Take the listing below and output it exactly, with no images.

• Raw data:
BEGIN
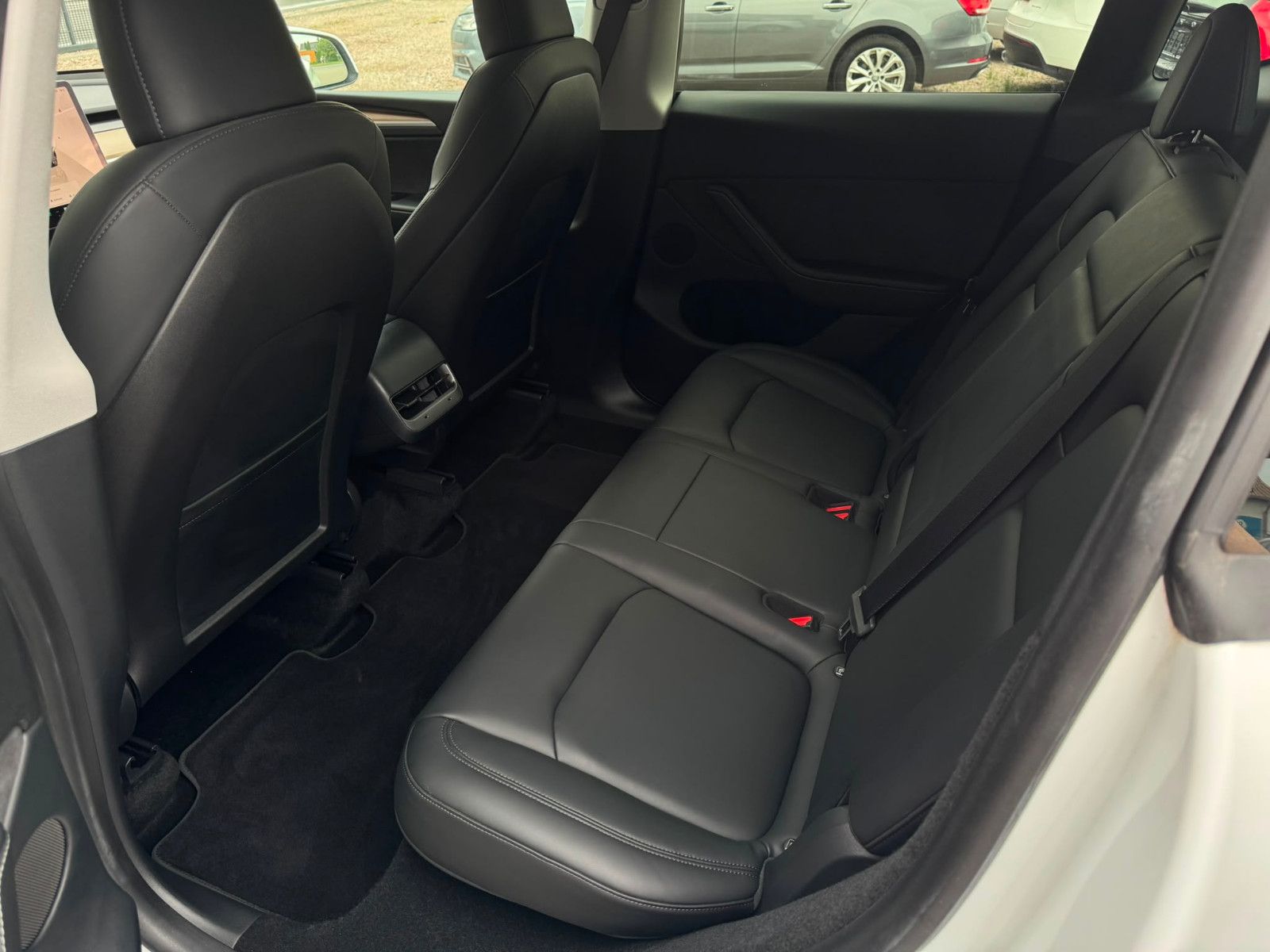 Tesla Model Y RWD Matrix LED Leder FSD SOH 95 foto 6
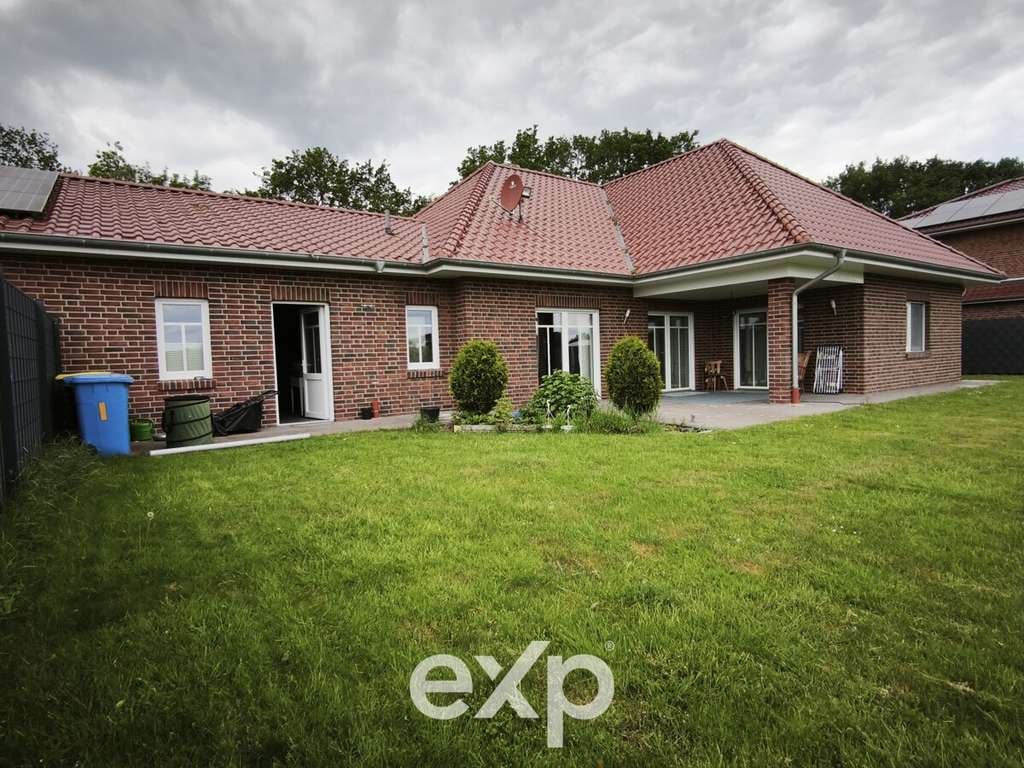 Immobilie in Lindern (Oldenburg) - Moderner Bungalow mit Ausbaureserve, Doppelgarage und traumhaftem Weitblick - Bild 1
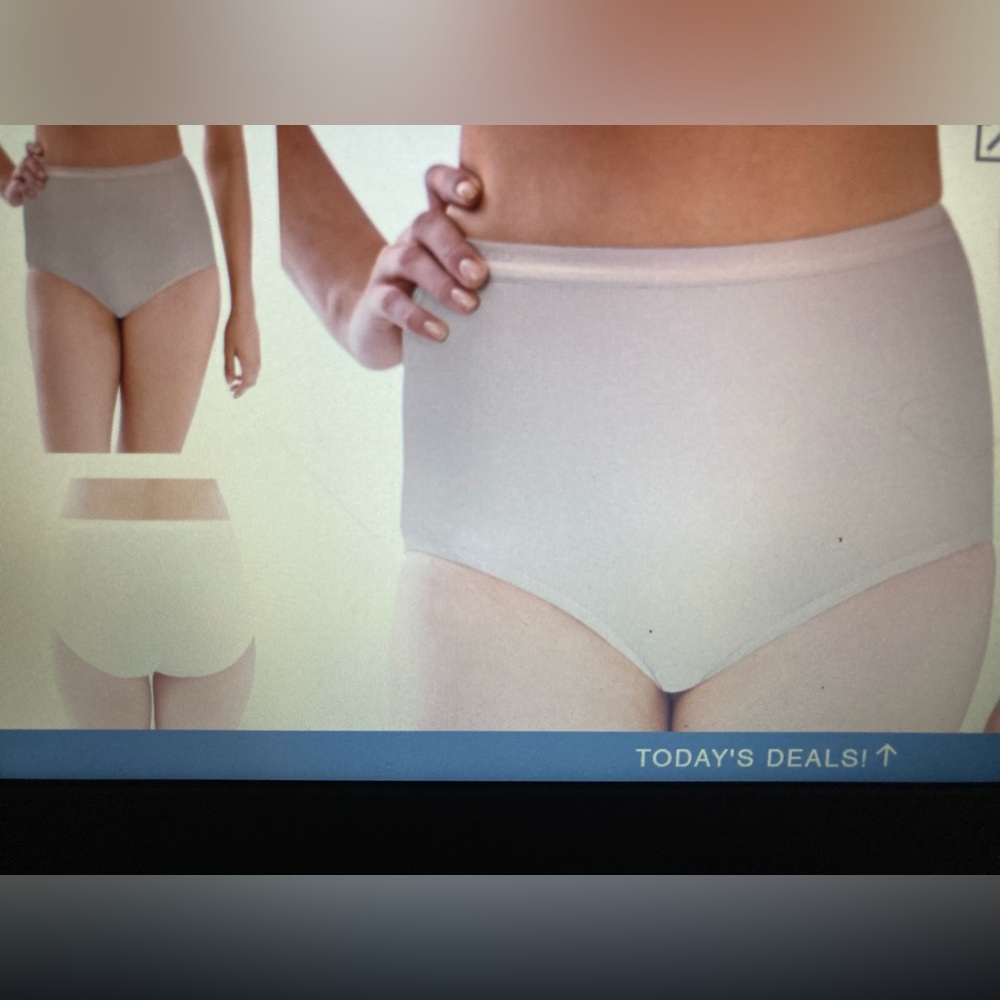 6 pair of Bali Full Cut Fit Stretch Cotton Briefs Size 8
END
• Your solution:
 Tesla Model Y RWD Matrix LED Leder FSD SOH 95 foto 6
 Immobilie in Lindern (Oldenburg) - Moderner Bungalow mit Ausbaureserve, Doppelgarage und traumhaftem Weitblick - Bild 1
 6 pair of Bali Full Cut Fit Stretch Cotton Briefs Size 8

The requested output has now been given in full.